だからこそ、伝統的バザールの情報発信力は絶大である。食品や日用品を生産する企業は、新製品を発売すると同時にバザールへ広報員を派遣する。スーパーマーケットでの商品陳列は、二の次で構わない。どこの国でも実体経済を下支えしているのは庶民、すなわちローワーミドルクラスやワーキングクラスに属する市民である。
ユニ・チャームも、これと同じことをやった。町のあちこちにある零細商店やバザールに営業社員を送り込み、自社製品を置かせてくれるよう頼んだのだ。字面で書けば非常に簡単だが、星の数ほどある零細商店を一件一件訪ねるのは途方もない作業である。

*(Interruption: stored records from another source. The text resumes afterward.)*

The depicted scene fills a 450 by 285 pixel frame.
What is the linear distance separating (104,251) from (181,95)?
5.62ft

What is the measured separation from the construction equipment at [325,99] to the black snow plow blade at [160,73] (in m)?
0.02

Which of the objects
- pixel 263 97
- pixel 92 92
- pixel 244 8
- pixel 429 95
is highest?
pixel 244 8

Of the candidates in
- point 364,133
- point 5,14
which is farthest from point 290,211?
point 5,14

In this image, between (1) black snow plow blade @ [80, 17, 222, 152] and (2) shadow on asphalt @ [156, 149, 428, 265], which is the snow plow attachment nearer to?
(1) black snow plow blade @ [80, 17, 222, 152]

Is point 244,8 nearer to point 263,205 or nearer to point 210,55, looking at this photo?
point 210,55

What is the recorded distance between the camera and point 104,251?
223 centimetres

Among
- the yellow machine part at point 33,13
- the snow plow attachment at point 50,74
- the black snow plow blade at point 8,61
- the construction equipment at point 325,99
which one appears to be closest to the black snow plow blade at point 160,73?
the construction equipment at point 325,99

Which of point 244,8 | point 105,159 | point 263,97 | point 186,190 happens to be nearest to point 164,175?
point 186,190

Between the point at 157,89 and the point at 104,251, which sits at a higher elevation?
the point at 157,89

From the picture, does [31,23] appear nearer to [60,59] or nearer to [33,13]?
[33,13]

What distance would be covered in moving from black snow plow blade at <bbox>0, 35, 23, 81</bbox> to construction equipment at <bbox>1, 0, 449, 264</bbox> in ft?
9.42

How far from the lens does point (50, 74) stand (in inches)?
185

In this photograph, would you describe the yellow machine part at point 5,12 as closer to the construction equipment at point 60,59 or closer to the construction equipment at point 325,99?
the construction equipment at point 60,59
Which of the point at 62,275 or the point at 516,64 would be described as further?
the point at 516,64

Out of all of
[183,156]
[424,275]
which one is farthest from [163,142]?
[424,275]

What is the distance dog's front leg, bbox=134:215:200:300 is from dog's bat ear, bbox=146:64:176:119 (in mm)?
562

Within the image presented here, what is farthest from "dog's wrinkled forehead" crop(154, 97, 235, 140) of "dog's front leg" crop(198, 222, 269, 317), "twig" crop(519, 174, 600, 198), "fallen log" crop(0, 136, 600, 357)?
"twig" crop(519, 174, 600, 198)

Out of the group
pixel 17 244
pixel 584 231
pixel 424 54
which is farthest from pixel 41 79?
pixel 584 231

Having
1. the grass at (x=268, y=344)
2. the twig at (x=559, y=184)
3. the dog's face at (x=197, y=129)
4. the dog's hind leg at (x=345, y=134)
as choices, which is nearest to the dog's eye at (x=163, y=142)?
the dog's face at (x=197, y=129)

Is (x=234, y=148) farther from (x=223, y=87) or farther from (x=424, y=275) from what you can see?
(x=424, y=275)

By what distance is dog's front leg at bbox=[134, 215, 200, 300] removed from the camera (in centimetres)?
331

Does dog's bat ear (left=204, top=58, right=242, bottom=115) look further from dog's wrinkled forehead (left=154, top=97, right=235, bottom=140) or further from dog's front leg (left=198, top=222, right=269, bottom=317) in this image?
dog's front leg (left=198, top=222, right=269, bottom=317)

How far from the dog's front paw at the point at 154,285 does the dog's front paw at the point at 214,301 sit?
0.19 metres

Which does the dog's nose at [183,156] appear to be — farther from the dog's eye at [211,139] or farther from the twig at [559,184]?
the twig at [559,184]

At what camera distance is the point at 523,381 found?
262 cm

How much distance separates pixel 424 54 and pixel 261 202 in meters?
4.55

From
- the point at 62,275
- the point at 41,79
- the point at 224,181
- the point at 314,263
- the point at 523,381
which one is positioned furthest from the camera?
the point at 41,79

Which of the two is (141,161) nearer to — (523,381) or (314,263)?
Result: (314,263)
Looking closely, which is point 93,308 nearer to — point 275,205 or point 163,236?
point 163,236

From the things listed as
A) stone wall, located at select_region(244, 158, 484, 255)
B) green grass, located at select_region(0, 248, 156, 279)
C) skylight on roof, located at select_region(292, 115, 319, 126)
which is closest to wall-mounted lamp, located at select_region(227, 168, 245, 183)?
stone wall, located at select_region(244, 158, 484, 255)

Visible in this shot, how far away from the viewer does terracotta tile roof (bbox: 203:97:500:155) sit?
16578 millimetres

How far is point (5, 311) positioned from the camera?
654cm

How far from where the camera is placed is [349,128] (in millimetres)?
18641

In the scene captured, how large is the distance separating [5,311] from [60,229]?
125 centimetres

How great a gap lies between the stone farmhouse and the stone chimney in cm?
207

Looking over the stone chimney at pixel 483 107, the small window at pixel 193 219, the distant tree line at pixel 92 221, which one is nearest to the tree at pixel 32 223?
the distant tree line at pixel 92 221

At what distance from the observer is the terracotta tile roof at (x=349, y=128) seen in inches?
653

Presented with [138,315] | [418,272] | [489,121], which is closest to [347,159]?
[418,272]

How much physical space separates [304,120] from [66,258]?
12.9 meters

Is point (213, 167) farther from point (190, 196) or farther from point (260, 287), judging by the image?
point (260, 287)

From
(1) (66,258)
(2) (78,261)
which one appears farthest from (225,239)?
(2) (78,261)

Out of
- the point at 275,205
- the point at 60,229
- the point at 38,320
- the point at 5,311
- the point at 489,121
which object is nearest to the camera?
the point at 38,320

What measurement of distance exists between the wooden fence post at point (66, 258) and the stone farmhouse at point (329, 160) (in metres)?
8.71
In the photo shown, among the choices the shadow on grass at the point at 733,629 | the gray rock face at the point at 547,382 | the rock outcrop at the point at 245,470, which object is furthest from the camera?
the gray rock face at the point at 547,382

しかも、現地の店舗経営者は数十枚入りのパック商品というものを敬遠する。それよりも1枚ごとの小分けにした方が売れる。東南アジアの市民は、まとめ買いということをあまりしない。その都度、必要な分だけをポケットマネーで買う。それが習慣だ。
ユニ・チャームはその要望に応え、“1枚だけのパック商品”を開発した。これが零細商店やその馴染みの顧客に受け、現地の市場に定着することができた。そうなれば、製品の質で競合できる存在は他にない。今やスーパーマーケットのベビー用品売り場にも、ユニ・チャームの紙おむつが堂々と腰を下ろしている。その様子を眺めていた他の日系企業が、ここ最近になって一斉に動き出した。
■ 市民の声に応じる
ASEAN地域の中でもっとも大きな人口を擁するのは、インドネシアである。同国の巨大な市場を狙って、花王、王子製紙、大王製紙、東レなどが合弁会社設立か、あるいはすでにある現地工場の生産キャパシティー増設に踏み切った。今も伸び続ける需要に、供給が追いついていないほどだという。

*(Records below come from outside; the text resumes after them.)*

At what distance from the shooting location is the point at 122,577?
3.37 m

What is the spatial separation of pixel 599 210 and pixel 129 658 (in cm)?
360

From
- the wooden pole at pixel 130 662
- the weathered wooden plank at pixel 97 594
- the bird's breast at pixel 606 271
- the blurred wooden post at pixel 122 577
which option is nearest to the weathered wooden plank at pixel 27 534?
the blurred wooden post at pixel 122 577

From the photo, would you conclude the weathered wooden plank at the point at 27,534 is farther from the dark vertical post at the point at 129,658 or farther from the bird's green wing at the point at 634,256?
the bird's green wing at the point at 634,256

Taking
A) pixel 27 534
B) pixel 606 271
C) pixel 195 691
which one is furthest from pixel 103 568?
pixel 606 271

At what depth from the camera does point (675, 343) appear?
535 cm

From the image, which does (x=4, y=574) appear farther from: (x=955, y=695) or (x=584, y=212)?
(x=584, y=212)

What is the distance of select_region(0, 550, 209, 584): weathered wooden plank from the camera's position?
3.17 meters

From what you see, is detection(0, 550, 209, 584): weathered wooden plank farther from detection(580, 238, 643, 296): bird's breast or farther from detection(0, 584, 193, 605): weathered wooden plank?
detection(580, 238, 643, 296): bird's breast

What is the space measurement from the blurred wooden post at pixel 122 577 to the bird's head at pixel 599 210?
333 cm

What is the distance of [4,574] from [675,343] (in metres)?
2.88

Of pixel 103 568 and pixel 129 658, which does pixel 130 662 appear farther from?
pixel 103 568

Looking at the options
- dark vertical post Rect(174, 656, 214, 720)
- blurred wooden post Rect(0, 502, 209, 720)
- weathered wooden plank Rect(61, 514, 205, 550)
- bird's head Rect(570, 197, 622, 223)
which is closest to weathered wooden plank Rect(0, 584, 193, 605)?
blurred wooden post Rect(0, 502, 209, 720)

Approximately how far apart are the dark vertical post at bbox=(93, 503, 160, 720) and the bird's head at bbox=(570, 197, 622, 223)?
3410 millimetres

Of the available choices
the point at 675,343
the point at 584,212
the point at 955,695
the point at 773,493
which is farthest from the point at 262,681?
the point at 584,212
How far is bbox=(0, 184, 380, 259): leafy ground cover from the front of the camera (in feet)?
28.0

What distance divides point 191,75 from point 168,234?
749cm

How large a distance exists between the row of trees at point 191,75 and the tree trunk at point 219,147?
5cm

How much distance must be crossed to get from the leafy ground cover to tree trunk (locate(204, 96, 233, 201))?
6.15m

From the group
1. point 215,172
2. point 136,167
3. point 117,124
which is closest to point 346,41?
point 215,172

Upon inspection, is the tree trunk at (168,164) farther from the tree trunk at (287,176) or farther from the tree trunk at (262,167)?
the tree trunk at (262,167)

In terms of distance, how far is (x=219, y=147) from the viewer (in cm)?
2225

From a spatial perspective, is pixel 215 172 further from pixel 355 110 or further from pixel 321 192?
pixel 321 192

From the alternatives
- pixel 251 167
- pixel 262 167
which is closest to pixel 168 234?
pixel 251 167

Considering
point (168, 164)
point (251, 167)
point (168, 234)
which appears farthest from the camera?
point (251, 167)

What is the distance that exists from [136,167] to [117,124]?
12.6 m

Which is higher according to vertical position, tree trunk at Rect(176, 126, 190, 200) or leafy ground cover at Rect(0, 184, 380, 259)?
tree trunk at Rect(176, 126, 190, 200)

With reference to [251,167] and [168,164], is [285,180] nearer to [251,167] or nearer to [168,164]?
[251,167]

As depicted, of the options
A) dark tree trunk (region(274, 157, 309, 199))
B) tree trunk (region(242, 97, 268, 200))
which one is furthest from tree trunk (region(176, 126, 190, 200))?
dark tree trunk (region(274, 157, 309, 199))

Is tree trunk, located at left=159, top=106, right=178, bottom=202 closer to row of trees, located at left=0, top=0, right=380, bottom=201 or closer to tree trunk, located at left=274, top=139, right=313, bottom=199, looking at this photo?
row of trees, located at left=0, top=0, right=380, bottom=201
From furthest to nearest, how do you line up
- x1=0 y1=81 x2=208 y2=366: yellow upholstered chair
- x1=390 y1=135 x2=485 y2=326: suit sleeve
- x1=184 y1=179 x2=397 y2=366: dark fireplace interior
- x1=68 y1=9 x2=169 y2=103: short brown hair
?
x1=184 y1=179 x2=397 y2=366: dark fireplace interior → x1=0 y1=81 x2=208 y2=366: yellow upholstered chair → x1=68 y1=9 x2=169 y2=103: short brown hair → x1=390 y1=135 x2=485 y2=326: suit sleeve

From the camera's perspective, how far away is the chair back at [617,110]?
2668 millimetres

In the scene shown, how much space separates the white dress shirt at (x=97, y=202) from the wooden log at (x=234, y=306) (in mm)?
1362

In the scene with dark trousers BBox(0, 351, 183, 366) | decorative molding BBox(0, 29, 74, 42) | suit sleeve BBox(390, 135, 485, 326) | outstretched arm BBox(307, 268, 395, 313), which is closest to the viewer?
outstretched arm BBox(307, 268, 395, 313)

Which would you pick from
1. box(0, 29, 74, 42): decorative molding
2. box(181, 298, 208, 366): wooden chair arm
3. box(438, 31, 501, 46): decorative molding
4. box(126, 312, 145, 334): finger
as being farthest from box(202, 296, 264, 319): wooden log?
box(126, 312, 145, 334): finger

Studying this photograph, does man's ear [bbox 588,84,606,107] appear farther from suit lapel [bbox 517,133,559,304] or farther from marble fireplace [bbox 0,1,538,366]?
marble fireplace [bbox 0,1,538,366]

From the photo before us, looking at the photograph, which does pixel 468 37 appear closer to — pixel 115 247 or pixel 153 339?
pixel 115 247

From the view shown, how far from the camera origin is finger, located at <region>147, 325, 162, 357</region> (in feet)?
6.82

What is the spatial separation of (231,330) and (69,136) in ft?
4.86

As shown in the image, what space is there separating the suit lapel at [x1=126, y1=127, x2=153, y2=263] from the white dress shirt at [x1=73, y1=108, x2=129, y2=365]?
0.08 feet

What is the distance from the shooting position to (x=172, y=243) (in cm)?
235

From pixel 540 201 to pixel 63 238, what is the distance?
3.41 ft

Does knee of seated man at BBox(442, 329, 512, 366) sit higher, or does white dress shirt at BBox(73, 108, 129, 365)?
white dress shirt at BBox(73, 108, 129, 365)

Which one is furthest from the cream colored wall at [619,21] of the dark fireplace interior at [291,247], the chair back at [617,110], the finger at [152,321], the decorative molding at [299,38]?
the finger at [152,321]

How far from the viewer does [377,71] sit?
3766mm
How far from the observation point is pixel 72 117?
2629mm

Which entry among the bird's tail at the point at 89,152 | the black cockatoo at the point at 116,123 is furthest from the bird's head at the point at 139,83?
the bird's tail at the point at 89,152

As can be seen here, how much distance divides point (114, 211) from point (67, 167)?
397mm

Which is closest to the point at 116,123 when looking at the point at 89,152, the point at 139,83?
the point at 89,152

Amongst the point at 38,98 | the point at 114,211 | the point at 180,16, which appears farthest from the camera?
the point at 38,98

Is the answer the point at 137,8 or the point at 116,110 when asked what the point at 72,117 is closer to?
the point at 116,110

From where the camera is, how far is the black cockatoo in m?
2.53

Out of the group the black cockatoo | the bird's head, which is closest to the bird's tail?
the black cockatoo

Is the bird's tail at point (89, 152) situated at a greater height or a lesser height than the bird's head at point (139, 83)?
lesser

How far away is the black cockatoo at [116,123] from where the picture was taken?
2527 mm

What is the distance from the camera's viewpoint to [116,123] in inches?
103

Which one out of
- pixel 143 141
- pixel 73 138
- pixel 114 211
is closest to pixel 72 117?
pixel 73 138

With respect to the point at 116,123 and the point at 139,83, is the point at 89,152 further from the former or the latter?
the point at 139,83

インドネシアでは、“子育てはみんなでするもの”という概念がある。筆者も以前、妙齢の女性が赤ちゃんのおむつ替えをしている光景を見て「きみの子ども、可愛いね」と話しかけたら、「何言ってるの。この赤ちゃんは友達の子よ」と返されてしまった。
日本では女性が妊娠しただけで「貞操概念がない」、「仕事をする気がない」などと言われる、いわゆるマタニティハラスメントが問題化している。だが、もしインドネシアで同じことを言えばまず驚愕され、続いて人間関係を絶たれるだろう。“子どもは唯一絶対の神からの授かりもの”である。

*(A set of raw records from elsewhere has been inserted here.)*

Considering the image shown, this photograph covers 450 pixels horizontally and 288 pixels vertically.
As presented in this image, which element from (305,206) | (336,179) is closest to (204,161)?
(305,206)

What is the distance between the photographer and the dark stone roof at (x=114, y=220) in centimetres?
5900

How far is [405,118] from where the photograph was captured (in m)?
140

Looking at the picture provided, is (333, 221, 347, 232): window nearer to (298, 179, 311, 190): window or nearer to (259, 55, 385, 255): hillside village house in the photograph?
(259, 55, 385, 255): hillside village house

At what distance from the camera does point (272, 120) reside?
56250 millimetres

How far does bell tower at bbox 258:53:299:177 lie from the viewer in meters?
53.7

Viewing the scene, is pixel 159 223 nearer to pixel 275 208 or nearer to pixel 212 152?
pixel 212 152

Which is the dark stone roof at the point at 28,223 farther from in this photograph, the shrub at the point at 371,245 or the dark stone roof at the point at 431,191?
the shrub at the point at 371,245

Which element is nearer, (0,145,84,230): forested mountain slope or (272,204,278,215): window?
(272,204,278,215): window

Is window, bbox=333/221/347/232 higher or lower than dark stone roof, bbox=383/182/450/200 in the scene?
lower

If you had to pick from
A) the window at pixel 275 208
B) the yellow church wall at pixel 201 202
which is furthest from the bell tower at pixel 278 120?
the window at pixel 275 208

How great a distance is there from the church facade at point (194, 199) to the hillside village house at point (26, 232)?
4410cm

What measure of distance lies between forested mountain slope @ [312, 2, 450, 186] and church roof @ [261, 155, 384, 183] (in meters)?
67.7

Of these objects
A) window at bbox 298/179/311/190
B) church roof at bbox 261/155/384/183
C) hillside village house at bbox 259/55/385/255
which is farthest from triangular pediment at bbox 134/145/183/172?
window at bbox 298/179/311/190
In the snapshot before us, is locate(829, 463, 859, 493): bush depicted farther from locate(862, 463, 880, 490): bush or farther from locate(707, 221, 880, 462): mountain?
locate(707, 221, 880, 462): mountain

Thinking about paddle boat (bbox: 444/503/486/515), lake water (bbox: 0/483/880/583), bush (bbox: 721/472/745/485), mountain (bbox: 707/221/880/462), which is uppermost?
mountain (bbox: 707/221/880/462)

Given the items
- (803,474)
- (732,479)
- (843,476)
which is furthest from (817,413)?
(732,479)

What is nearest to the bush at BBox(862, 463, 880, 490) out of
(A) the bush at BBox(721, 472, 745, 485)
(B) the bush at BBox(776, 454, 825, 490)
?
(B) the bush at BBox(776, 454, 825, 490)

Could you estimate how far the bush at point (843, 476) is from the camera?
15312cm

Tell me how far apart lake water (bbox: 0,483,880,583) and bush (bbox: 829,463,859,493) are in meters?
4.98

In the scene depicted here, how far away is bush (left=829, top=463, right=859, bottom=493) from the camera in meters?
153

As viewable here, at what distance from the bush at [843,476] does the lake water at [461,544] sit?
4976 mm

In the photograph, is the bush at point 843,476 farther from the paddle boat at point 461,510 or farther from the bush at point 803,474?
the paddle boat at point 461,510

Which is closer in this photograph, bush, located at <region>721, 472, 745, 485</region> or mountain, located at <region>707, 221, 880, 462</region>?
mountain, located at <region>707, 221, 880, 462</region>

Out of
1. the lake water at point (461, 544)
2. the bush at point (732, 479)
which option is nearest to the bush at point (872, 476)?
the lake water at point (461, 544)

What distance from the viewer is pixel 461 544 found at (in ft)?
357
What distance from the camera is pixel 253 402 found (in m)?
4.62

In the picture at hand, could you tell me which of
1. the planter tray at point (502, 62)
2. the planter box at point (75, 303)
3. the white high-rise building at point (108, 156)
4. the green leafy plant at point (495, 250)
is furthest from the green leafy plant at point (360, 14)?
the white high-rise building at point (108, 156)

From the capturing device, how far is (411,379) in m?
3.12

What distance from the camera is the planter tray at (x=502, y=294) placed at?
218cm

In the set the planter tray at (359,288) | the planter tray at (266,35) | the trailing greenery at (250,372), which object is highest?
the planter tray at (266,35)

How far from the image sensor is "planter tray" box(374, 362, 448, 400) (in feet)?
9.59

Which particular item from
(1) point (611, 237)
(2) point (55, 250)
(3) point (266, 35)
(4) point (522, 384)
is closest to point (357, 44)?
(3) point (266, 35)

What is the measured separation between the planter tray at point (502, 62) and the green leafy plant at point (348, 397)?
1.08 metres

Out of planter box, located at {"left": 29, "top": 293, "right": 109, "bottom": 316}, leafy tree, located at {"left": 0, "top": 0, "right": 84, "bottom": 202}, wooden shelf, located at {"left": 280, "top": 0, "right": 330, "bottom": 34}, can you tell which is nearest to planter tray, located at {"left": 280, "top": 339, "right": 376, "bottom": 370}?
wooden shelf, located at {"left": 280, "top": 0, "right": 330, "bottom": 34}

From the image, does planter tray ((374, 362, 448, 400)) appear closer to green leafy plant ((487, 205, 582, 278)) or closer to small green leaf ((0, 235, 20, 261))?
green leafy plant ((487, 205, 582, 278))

だからインドネシア市民は老若男女問わず、日本人の目から見ればかなり子煩悩に映る。しかしそうであるが故に、乳幼児用紙おむつは誰にとっても接する機会のあるものなのだ。
日系紙おむつメーカーは、そんな市民たちの声に応じるという義務を背負っている。企業を強くするものは、実は業績でも年商額でもない。仕事をする過程の中で生じた社会的使命をいかにこなすか、である。企業は常に、末端の市民と共にある。それを忘れてはいけない。